Taming the transition between ZIF-L–(Zn, Co) and ZIF-(8, 67) using a multi-inlet vortex mixer (MIVM)

Abstract

Zeolitic imidazolate frameworks (ZIFs) have attracted extensive attention due to their high porosity, exceptional surface area and remarkable thermal and chemical stability leading to a distinguished performance in various fields like catalysis, gas separation, carbon dioxide capture, and drug delivery. Some major challenges in the ZIF research are concerned with the synthesis of high-quality ZIF-(8, 67) crystals in an aqueous medium with reduced organic ligand consumption and controlled particle size.
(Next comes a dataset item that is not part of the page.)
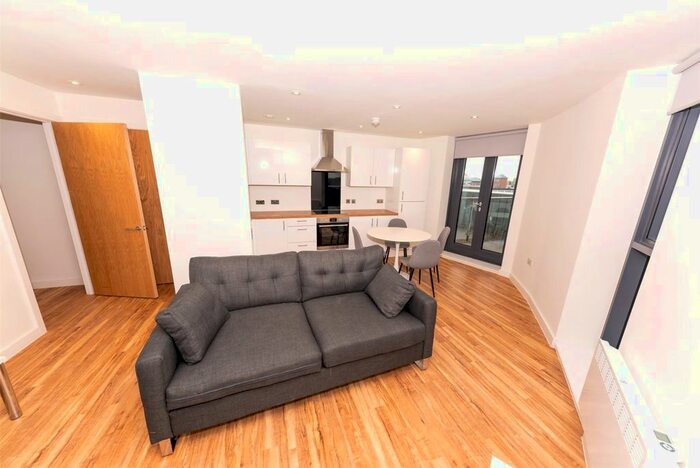 3 Bedroom Flat To Rent In Manchester Waters, Pomona Strand, Old Trafford, M16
Herein, we report the controlled transition from ZIF-L–(Zn, Co) to ZIF-(8, 67) and the controlled particle size synthesis of ZIF-(8, 67), and the composition of their mixed metal derivatives in a multi-inlet vortex mixer (MIVM). The method uses precursor solutions in four controlled flow syringes that feed them into the MIVM at various flow rates. The collected ZIF particles are then fully characterized, and their composition is determined. We show that this synthesis technique is rapid and provides superior control over the transition from ZIF-L to ZIF-(8, 67) via the flow rates of the initial ZIF precursors and their molar ratio. Moreover, using the MIVM, we can synthesize ZIF-8 nanoparticles with a minimum mean particle size of 76 nm ± 2 nm compared to a mean particle size of 97 nm ± 20 nm obtained by the traditional batch technique. The controlled doping of ZIF-8 by cobalt is also achieved.